Wicemarszałek Sejmu Włodzimierz Czarzasty wykluczył posła Konfederacji Grzegorza Brauna z posiedzenia Sejmu. Braun nie miał maseczki ochronnej i nie chciał jej założyć.
Grzegorz Braun chciał zabrać głos po wystąpieniu premiera w sprawie budżetu Unii Europejskiej. Nie miał maseczki ochronnej i mimo uwag ze strony Włodzimierza Czarzastego nie zamierzał jej założyć. Sytuacja miała miejsce podczas obrad w sprawie budżetu UE i funduszy odbudowy. Jako pierwszy w tej sprawie wypowiedział się premier.
Praworządność jest dzisiaj stosowana w Unii Europejskiej jako swego rodzaju straszak i jest stosowana w sposób odwrotny do zawartości tej definicji
przekonywał Morawiecki
Później stanowiska przedstawiali reprezentanci klubów. W imieniu koła Konfederacji głos zabrać chciał poseł Grzegorz Braun. Wicemarszałek Sejmu z ramienia Lewicy nie dopuścił go jednak do głosu, ponieważ Braun nie miał maseczki.
Panie pośle, mam do pana serdeczną i uprzejmą prośbę. Jest dobra atmosfera. Byłby pan tak łaskaw i założył maskę?

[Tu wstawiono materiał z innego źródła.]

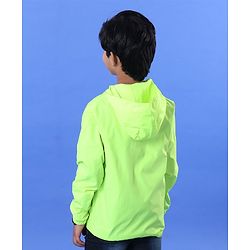Pine Kids Full Sleeve Jacket with Hoodie Water Repellent Light Winter Solid - Neon Green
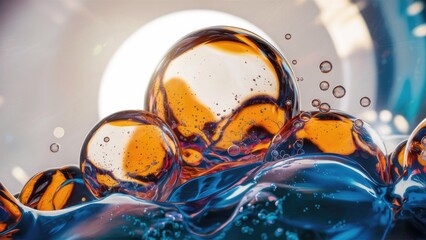Poster - Closeup view of vibrant water bubbles rising against a bright backdrop showcasing liquid bubbles with embedded molecules that reveal their essence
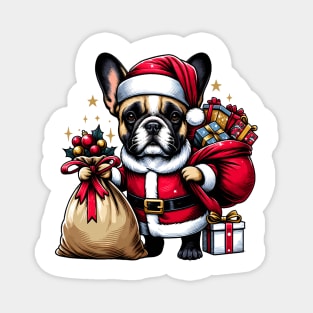 French Bulldog Santa Claus Christmas Magnet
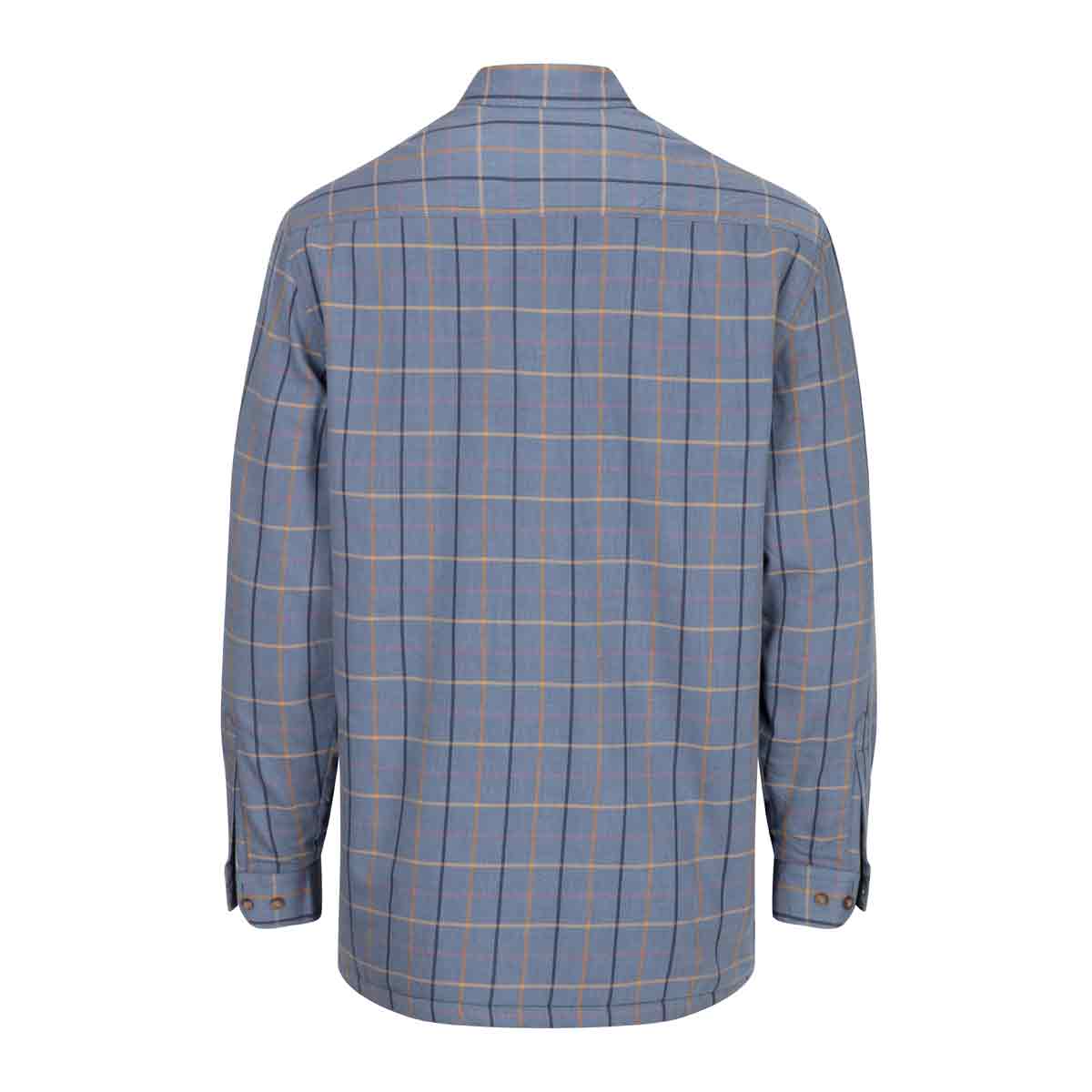 Hoggs of Fife Micro Fleece Lined Checked Shirt - Blackthron (Sky Blue Check) Back of shirt Hoggs of Fife Micro Fleece Lined Checked Shirt - Blackthron (Sky Blue Check) Back of shirt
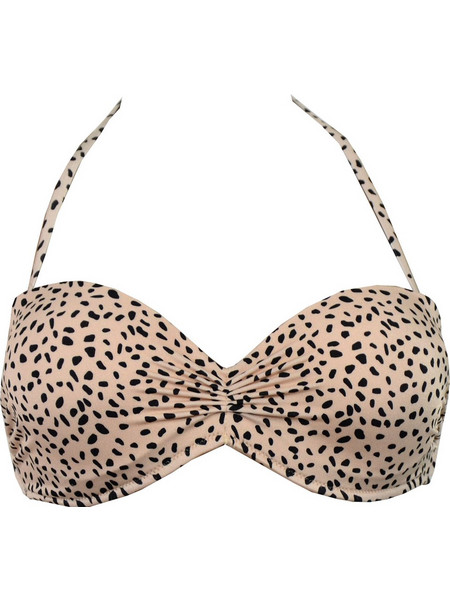 Rock Club Bikini Top Strapless με Ενίσχυση Animal Print Μπεζ BP-2194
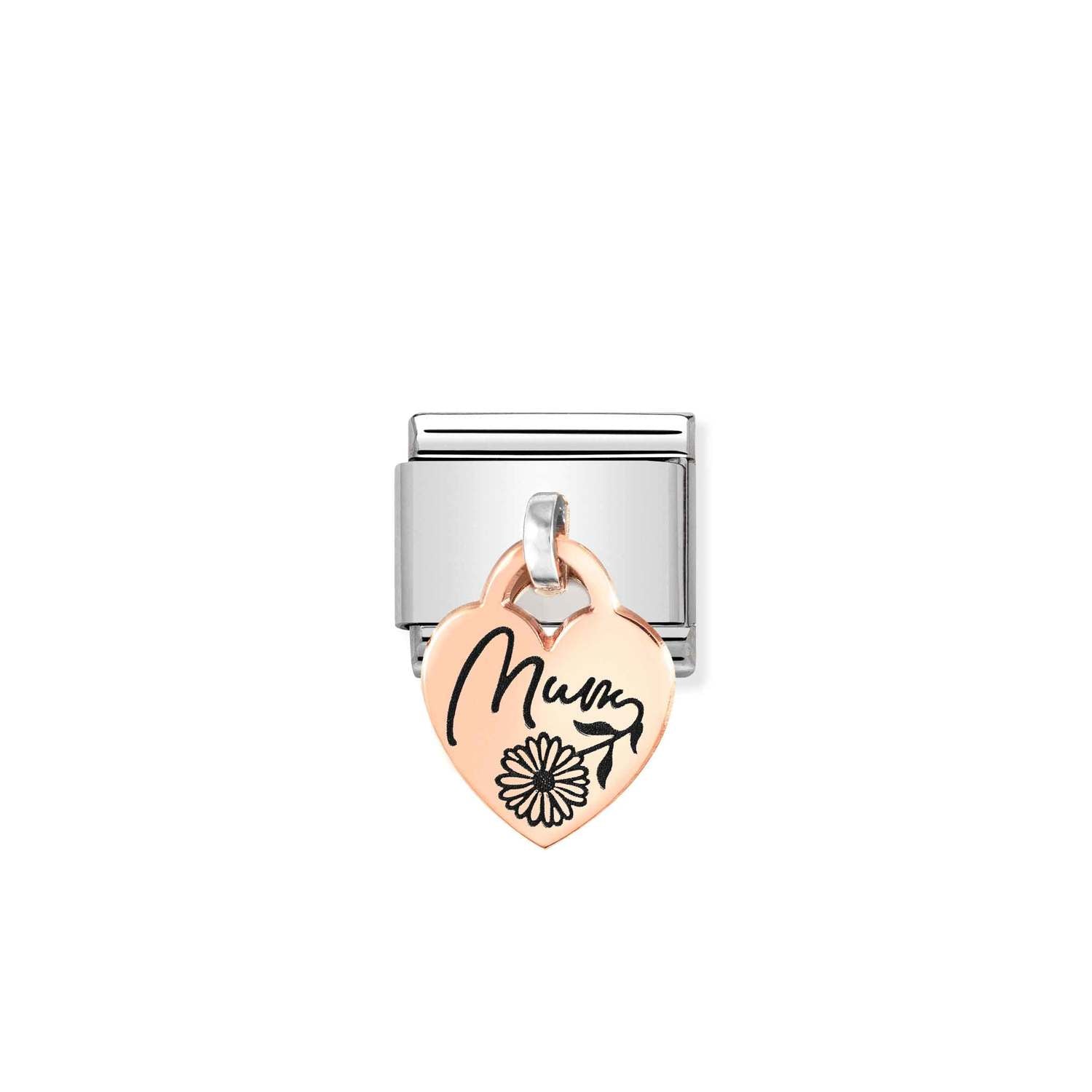 Nomination Classic CHARMS ENGRAVED PLATES 9ct Rose Gold Heart MUM Charm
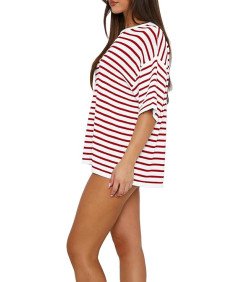 Damski Dres Dwuczęściowy Komplet w Paski Krótki Rękaw Czerwony S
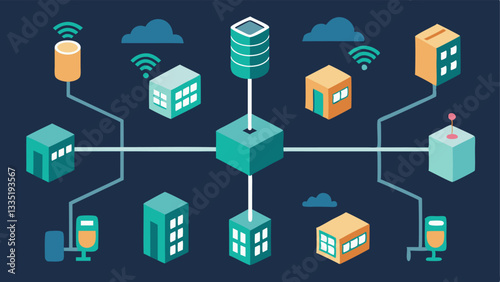 Smart City Grid An overhead view of a city block divided into sections showing various connected services like streetlights trash bins and traffic lights all powered by 5G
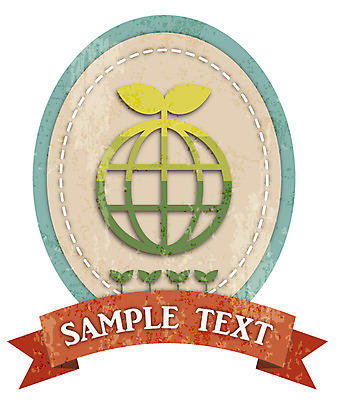 식물 리본 지구 백그라운드 스티커 일러스트 텍스트 사람없음 장식 글로벌 꼬리표 라벨 새싹 환경 끈 빈티지 심볼 복고 지구촌 국내일러스트 AI파일 컨셉 프레임 파일형식 벡터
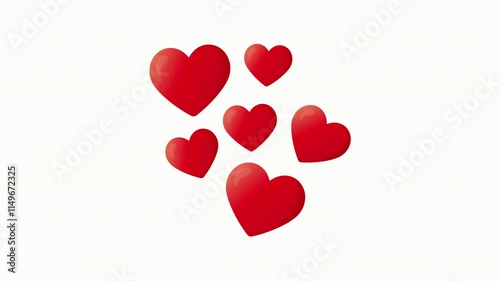 Animated illustration of six red hearts.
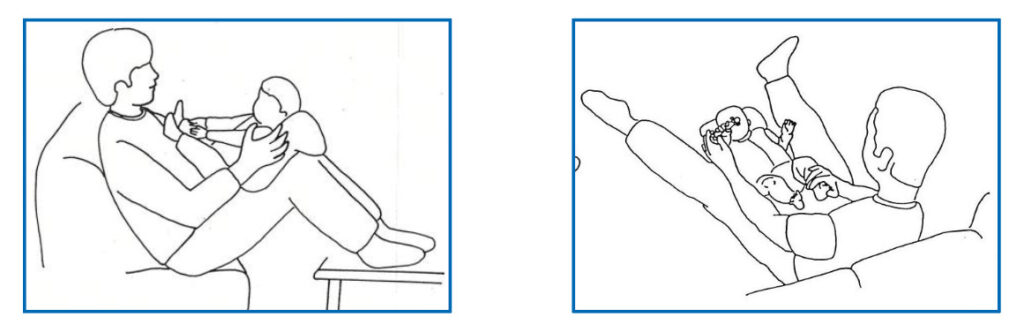 Image of child on parent/carers lap being supported by parent/carers knees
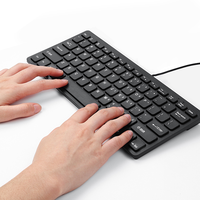 Yeni Taşınabilir ve Kompakt Kablolu İnce Mini 87 Tuşlu Çikolata Tasarımlı Ergonomik Multimedya Tuşlu USB Klavye (Tabletler için)
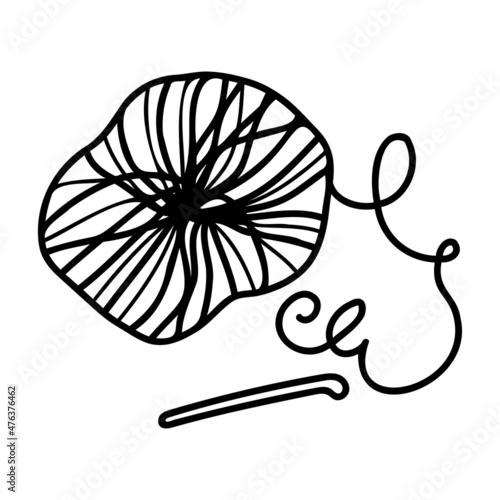 Black and white illustration of a yarn skein and crochet. Doodle vector design for web and print. 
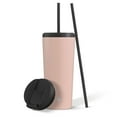 thumbnail image 1 of JoyJolt Vacuum Insulated Tumbler with Flip Lid and Straw - 20 oz - Pink, 1 of 7
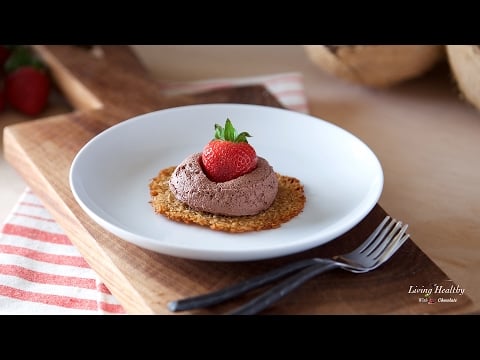 Coconut Tuiles with Fresh Strawberries and Dairy-free Chocolate Whipping Cream (Paleo)
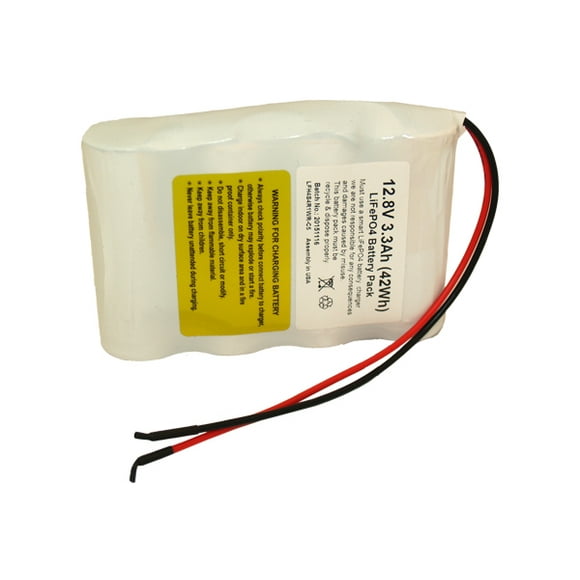 12.8 Volt LiFePO4 Battery Pack with Leads (3300 mAh)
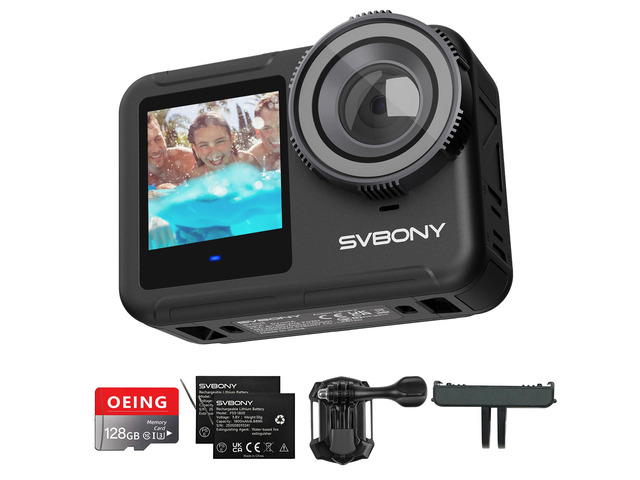 SVGo3 4K60FPS Underwater Camera Combo with 128GB U3 SD Card, 40FT Bare Waterproof Underwater Camera, 300Mins Long Battery, Magnetic Quick Release,...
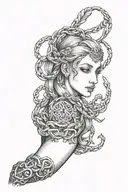 a chain wrapped around the arm with the Aphrodite symbol and a symbol of Insanity  tattoo design idea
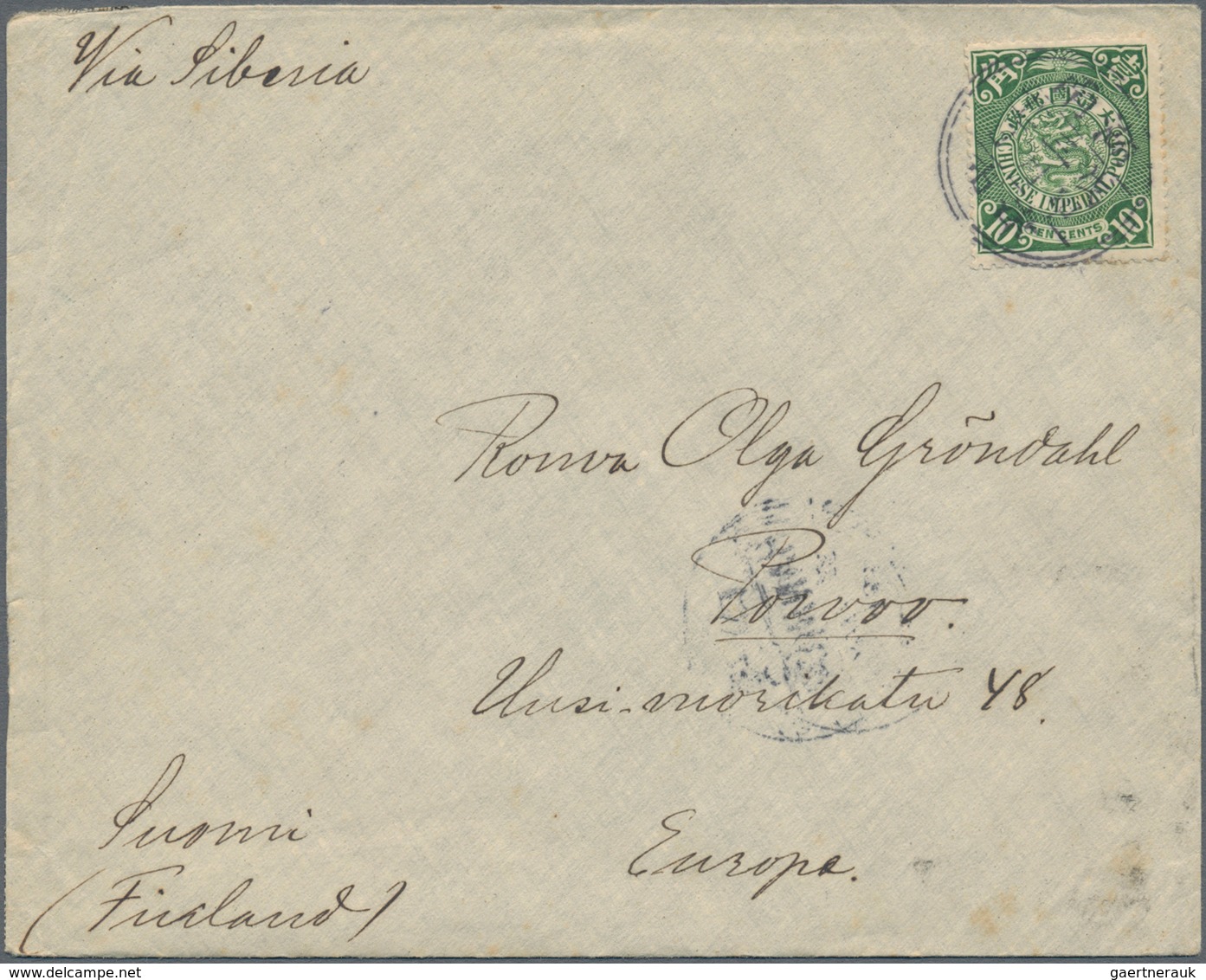 China: 1902, Coiling Dragon 10 C. Green Canc. Lunar Dater "Hunan.Tsingshih 3.17" To Cover To Finland - Sonstige & Ohne Zuordnung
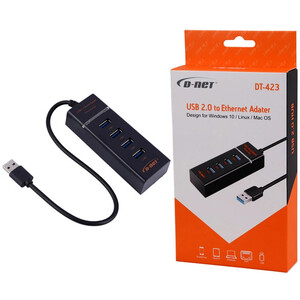 هاب 4 پورت USB 2.0 دی نت DT-423 طول 30 سانتی متر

zwrócił się do Brauna Czarzasty
Po krótkiej dyskusji Brauna z Czarzastym, wicemarszałek wyłączył mu mikrofon. Dyskusja trwała, Braun stwierdził m.in., że nie będzie się ośmieszał zakładając maseczkę, a następnie poprosił o podstawę prawną przymusu jej zakładania. Czarzasty odpowiedział, że jest to decyzja marszałek. Po chwili ogłosił 1 minutową przerwę, po której ogłosił, że Braun zakłóca obrady Sejmu i podjął decyzję o wykluczeniu posła Konfederacji z posiedzenia Sejmu.
Na podstawie art. 175 ustęp 5 podejmuję decyzję o wykluczeniu pana z posiedzenia Sejmu. Zgodnie z regulaminem proszę opuścić salę posiedzeń
ogłosił Czarzasty
Obserwatorom nie umknęła sytuacja, w której podczas dyskusji Brauna z Czarzastym o braku maseczki podeszła marszałek Witek, która również nie miała zasłoniętych ust.